Craig Wright, the self-proclaimed Satoshi Nakamoto and Bitcoin SV proponent, has won a legal battle claiming copyright infringement by Bitcoin.org for hosting the Bitcoin whitepaper. In the wake of that decision, Bitcoin.org must now remove the whitepaper and pay $48,600 to cover Wright’s legal costs.

Wright won by default after the site’s pseudonymous owner, “Cøbra,” chose not to mount any form of defense.

The court ruled that Bitcoin.org must delete the whitepaper and display a notice referring to the judgment and cover Wright’s legal costs. Cøbra responded to the court’s ruling on Twitter:

I don't think you could get a better advertisement of *why* Bitcoin is necessary than what happened today.

Rules enforced through cryptography are far more superior than rules based on whoever can spend hundreds of thousands of dollars in court.
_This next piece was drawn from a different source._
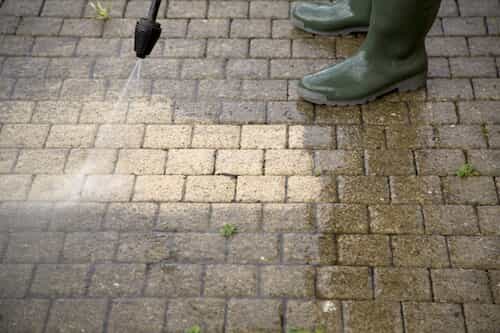 person using power washer on stone walkway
— Cøbra (@CobraBitcoin) June 28, 2021

Wright’s legal representation, Onter LLP, celebrated this victory as:

“an important development in Dr. Wright’s quest to obtain judicial vindication of his copyright in his White Paper.”

Simon Cohen, an Onter senior associate, wrote:

“Dr. Wright does not wish to restrict access to his White Paper. However, he does not agree that it should be used by supporters and developers of alternative assets, such as Bitcoin Core, to promote or otherwise misrepresent those assets as being Bitcoin given that they do not support or align with the vision for Bitcoin as he set out in his White Paper.”
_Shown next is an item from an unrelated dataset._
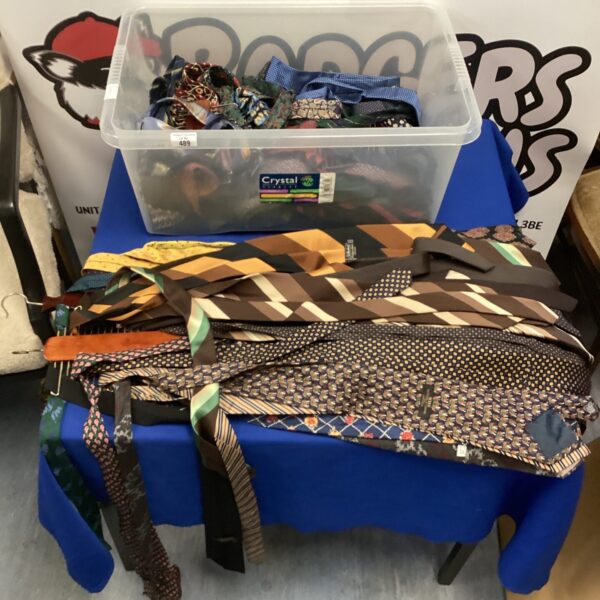 Lot of assorted vintage ties and tie racks for sale.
In January 2021, Wright issued several letters to bitcoin.org, bitcoin.com, and bitcoincore.org, demanding that they pull down copies of the Bitcoin whitepaper from their sites and insisted that they were infringing his intellectual property.

Wright acquired permission in April to serve Cøbra outside of U.K. jurisdiction by email, with the Bitcoin.org operator having 22 days to respond from April 26.

In May, Cøbra tweeted that they had missed the deadline. While responding to rumors that they may have missed the deadline to maintain anonymity, Cøbra said:

“No. I didn’t show up because defending against nonsense is a waste of time.”